Tether, Probe, Bank, Fraud, DoJ

The U.S. Department of Justice (DOJ) is doing a deep dive into Tether to ascertain whether the bosses behind the stablecoin held back information from banks that transactions were connected to cryptocurrency, Bloomberg reported on Monday (July 26), citing sources.

The possible criminal conduct in question, which allegedly happened years ago, could have wider repercussions across the crypto market, according to the report. Since its introduction in 2014, Tether has taken on an important position in the virtual currency landscape. It is used in over 50 percent of bitcoin trades. Each Tether token is backed by one U.S. dollar.

“Tether routinely has open dialogue with law enforcement agencies, including the DOJ, as part of our commitment to cooperation and transparency,” the company said in a statement. 

For the past three years, federal regulators have eyed Tether, and recently sent letters to people informing them of a probe, a source told Bloomberg. Both the U.S. Treasury Department and Federal Reserve have expressed concerns that Tether could jeopardize financial security and be used to cover up money laundering and other crimes. 

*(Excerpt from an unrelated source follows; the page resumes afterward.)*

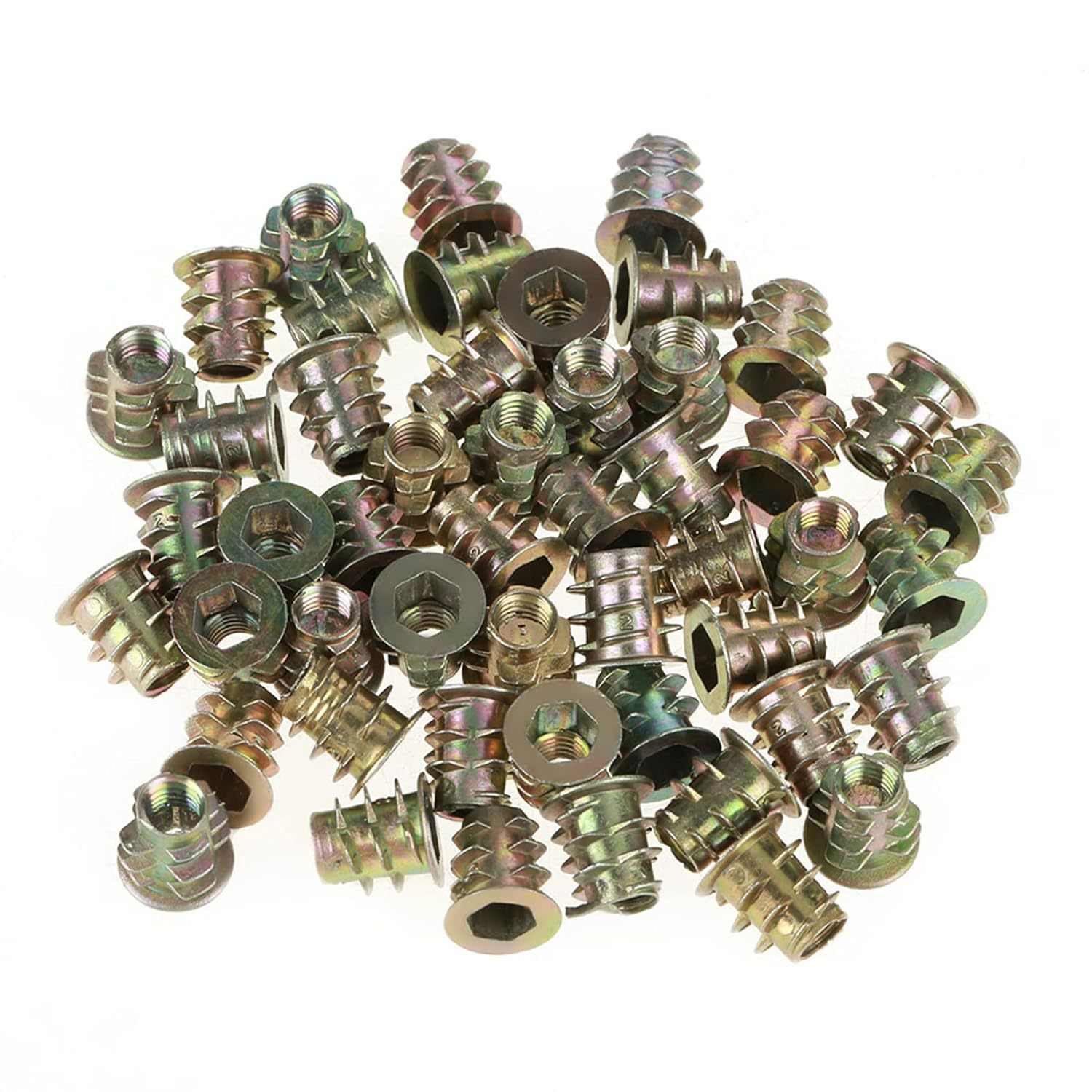 50 Stucke M5 * 10mm Zinklegierung Gewindeeinsatz Muttern Ei full figure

If criminal charges unfold, it would be among the biggest moves in the government’s crackdown on cryptocurrencies. Of all stablecoins, Tether is the most widely used, with a circulated worth in the neighborhood of $62 billion, per the report. 

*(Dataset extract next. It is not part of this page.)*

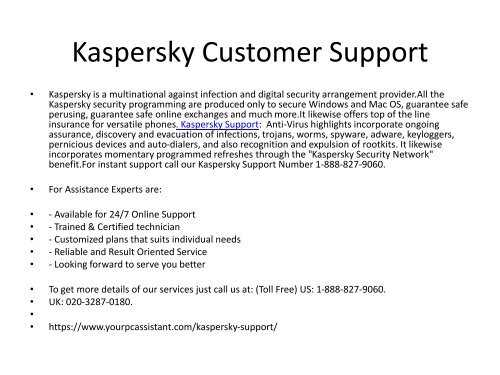 Kaspersky Support number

The DOJ has already looked into how traders used Tether and whether it was used to kick up bitcoin prices during a 2017 rally. 

Bitfinex and other Tether affiliates paid over $18.5 million in February to settle a lawsuit launched by New York Attorney General Letitia James on charges that the company concealed losses and lied about the one-to-one Tether to dollar valueg.

President of the Federal Reserve Bank of Boston Eric Rosengren said last month that Tether was connected to financial instability, calling it a disruptor in the short-term credit market and a factor the industry needed to examine more closely.